What I like is the tree structure of the presentation. This covers not only compound words but weirder cases of combination of disparate etymological sources—check out discombobulate or typhoon. But the tree structure is misleading in cases like apple, where Dutch appel and German Apfel are indicated as if they were parent forms instead of sister forms to the English apple. The branching should occur between Germanic and the daughter languages to make the relationship clearer. Also, note that this doesn't show the Germanic form for apple—it looks like it doesn't do hypothetical forms, restricting itself to attested forms.

A welcome feature would be being able to click through to different words at each stage of the etymology, to be able to trace through to even earlier stages or to see what other words are descended from the same roots.



> Proper nouns are not included, except those also used as common nouns, like Newton

It has Pyrex, but just says it's an invented word.

Pyrex is invented, but comes from Pyro (Fire) + Rex (King), which makes the use of it for heat proof glass easier to understand.

The new Google feature is really neat.
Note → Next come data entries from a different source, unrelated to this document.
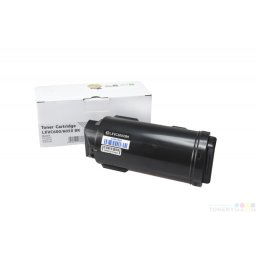 Toner Xerox 106R03927 black - alternatívny toner pre Xerox VersaLink C600 / C605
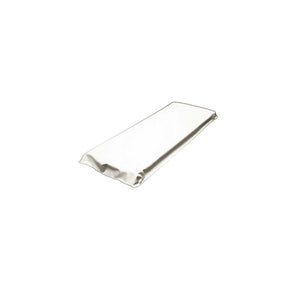 Wristband, Disposable, Adult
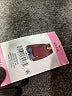 Lands' End Burgundy Pullover Sweater Size S - photo 8
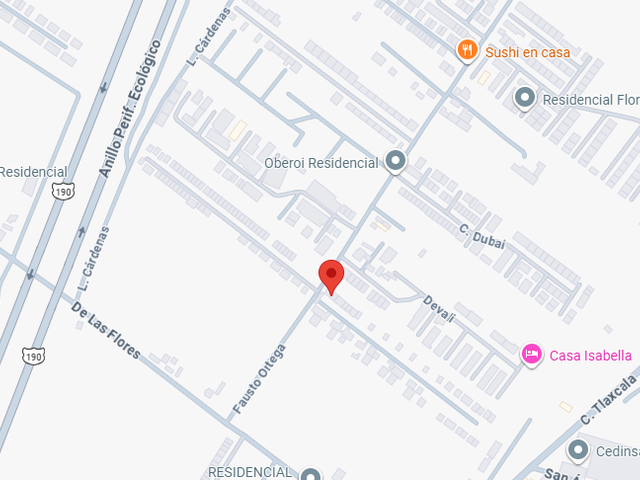 place photo 14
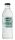Franklin and Sons Elderflower Tonic with Cucumber (TÁLCA: 0,2L*24db)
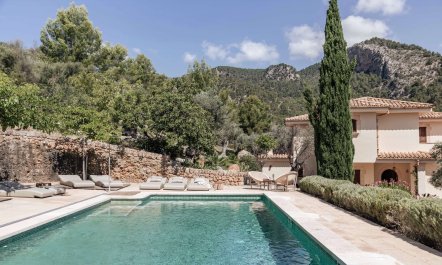 Alar&oacute; Oasis 1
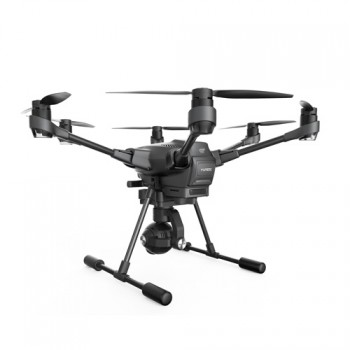 Typhoon H Yuneec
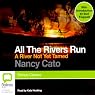 A River Not Yet Tamed: All the Rivers Run, Book 1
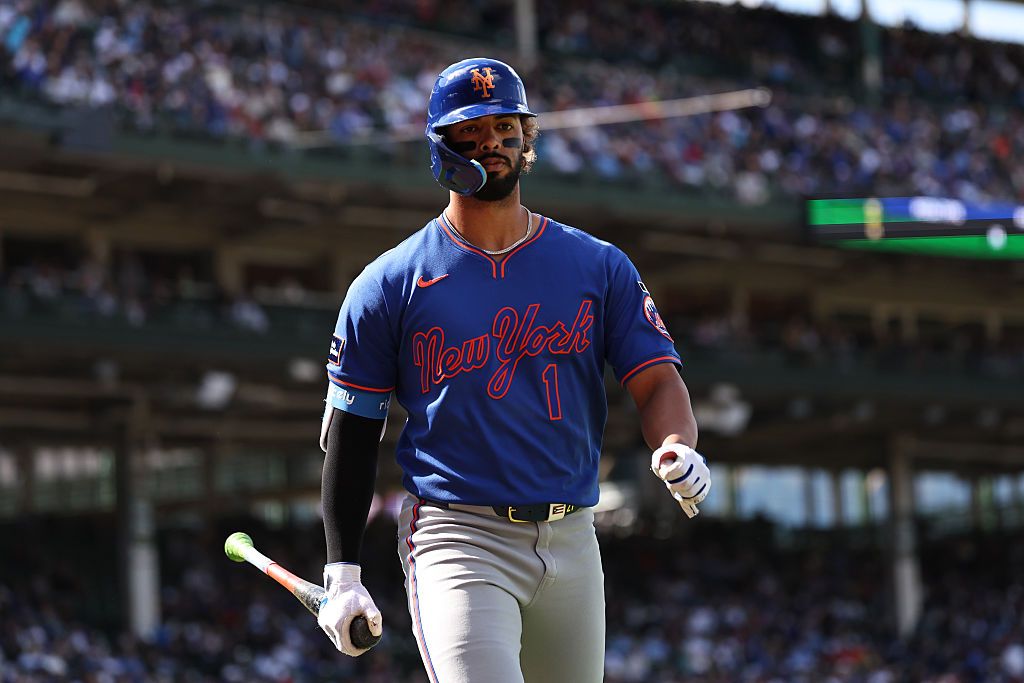 MLB DFS Picks: Top Fantasy Baseball Value Plays for Friday 5/1/26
I'm uneasy about these things being built into Google rather than Google pointing people to other websites.


Google building more and more stuff directly into search has been going on since the early 2000s. Why are you uneasy now?
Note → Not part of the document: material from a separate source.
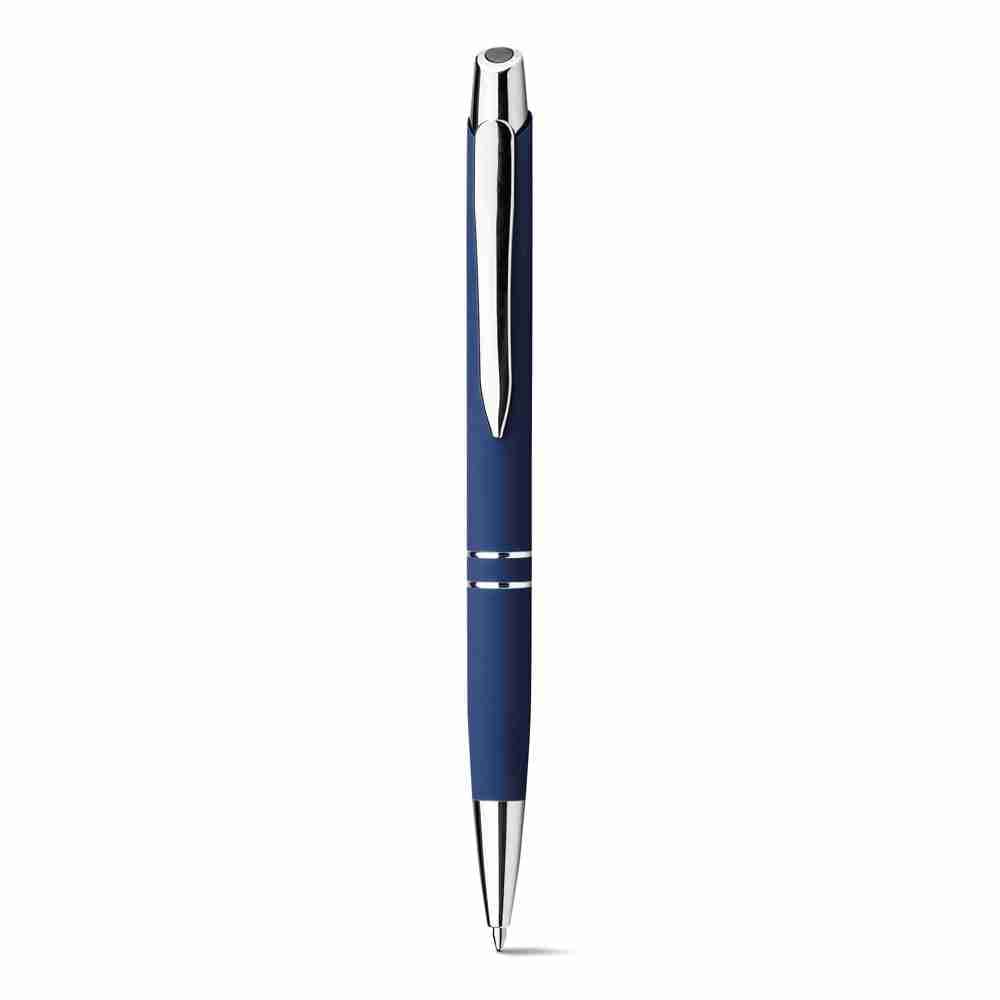 MARIETA SOFT. Ball pen - Image 2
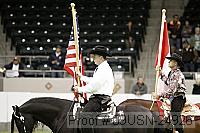09usn-24926 proof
I've always been uneasy about it.

Google providing me with definitions was troubling, but online dictionaries are sub-optimal. Google giving me instant conversions was so handy that I didn't care.
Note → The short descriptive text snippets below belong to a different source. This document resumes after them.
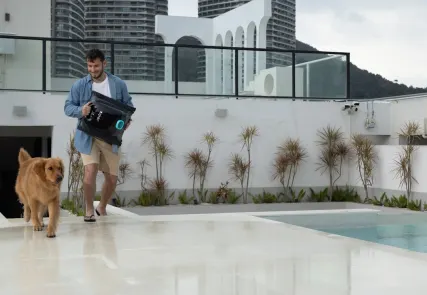 Casino True North Bet Mobiilirakendus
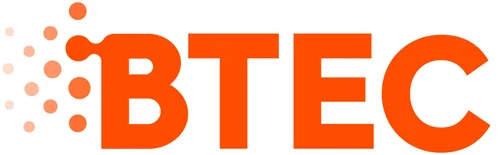 BTEC certified service engineers – Excelerate pallet wrapper servicing UK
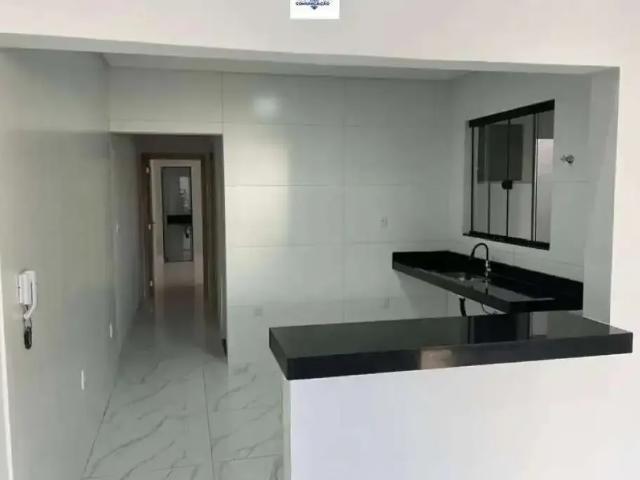 Casa venda em Região Geográfica Imediata de Goiânia, Goiânia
But etymologies are handled nicely by http://www.etymonline.com/ and it's sad to think they're going to get a lot less traffic now.


Another example where the tree diagram is incorrect:

https://www.google.com/search?q=etymology+oligarchy

The current tree diagram makes it look like the Greek oligarkhia came from Medieval Latin, not the other way round. The etymological information given below is "late 15th cent.: from Greek oligarkhia (probably via medieval Latin)", so it looks like a bug in generating tree diagrams from the information.

It would be helpful to have the Greek, Persian, Hebrew etc. forms in the original language orthography as well instead of just the romanized transcriptions.


I think it would be neat if Google provided some crowd-sourcing to supplement the data it already has.

Maybe modify the graph widget that allows you to suggest a root for any word in the graph.